Team & Tech
Cloud: Azure (primary), expanding to GCP/AWS
Platform: Databricks, Spark (batch + streaming), Airflow, Apache Superset, Kafka
Data & governance: Delta Lake, Unity Catalog, Delta Sharing
Infra & delivery: Terraform, Docker/Kubernetes, CI/CD (GitHub Actions/Azure DevOps)
Interfaces: REST/gRPC; schemas with Avro/Protobuf
Processing alternatives: Apache Flink/Apache Beam where appropriate; custom
processors/services in Go for specialized low-latency needs
App stack: React + TypeScript (front-end), Go (preferred) and Java (backend)
Focus: Real-time streaming, lakehouse analytics, reliability, and cost efficiency
Experimentation & metrics: MLflow for experiment tracking and AI quality/performance
metrics
Tooling integration: MCP (Model Context Protocol) to expose/consume data tools for agents
What you’ll do
Design, build, and operate low-latency streaming pipelines (Kafka, Spark Structured
Streaming) and robust batch ETL/ELT on Databricks Lakehouse.
Establish reliable orchestration and dependency management (Airflow), with strong SLAs
and on-call readiness for business-critical data flows.
Model, optimize, and document curated datasets and interfaces that serve analytics, product
features, and AI workloads.
Implement data quality checks, observability, and backfills; drive root-cause analysis and
incident prevention.
Partner with application teams (Go/Java), analytics, and ML/AI to ship data products into
production.
Build and maintain datasets and services that power RAG pipelines and agentic AI workflows
(tool-use/function calling).
When Spark/Databricks isn’t optimal, design and operate custom processors/services in Go
to meet strict latency or specialized transformation requirements.
Instrument prompt/response and token usage telemetry to support LLMOps evaluation and
cost optimization; provide datasets for labeling and golden sets.
Improve performance and cost (storage/compute), review code, and raise engineering
standards.
Security & Compliance
Design data solutions aligned to enterprise security, privacy, and compliance requirements
(e.g., SOC 2, ISO 27001, GDPR/CCPA as applicable), partnering with Security/Legal.

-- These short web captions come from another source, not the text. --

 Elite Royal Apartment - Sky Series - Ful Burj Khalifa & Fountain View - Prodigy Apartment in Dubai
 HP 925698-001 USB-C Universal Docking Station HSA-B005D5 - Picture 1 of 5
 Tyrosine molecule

Implement RBAC/ABAC and least-privilege access; manage service principals, secrets, and
key rotation; enforce encryption in transit and at rest.

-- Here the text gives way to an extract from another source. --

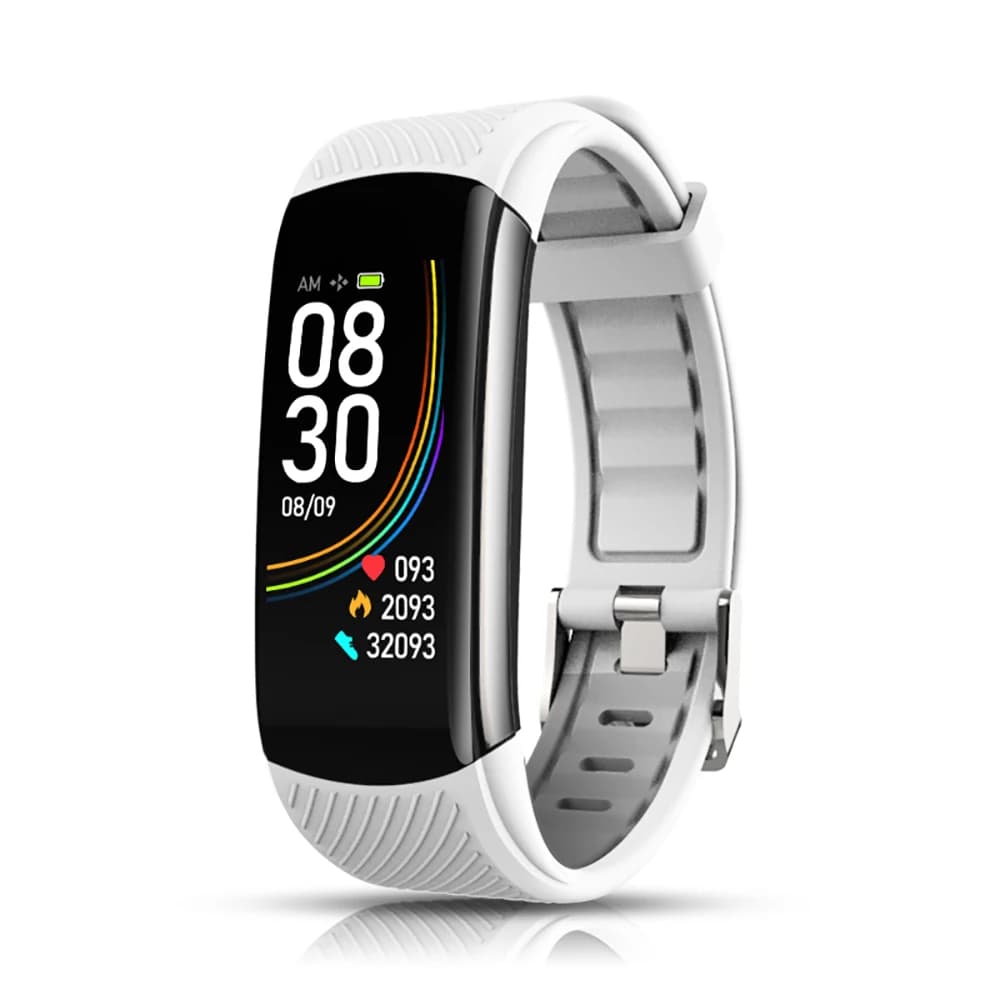 C6S Smart bracciale monitoraggio della pressione sanguigna Bluetooth Link uomini e donne sport pedometro Smart Watch per Apple Android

Govern sensitive data: classification, PII handling, masking/tokenization, retention/archival,
lineage, and audit logging across pipelines and storage.
Build observability for data security and quality; support incident response, access reviews,
and audit readiness.
Embed controls in CI/CD (policy checks, dependency vulnerability scanning) and ensure
infra-as-code adheres to guardrails.
Partner with security engineering on penetration tests, threat modeling, and red-team
exercises; remediate findings and document controls.
Contribute to compliance audits (e.g., SOC 2/ISO 27001) with evidence collection and
continuous control monitoring; support DPIAs/PIAs where required.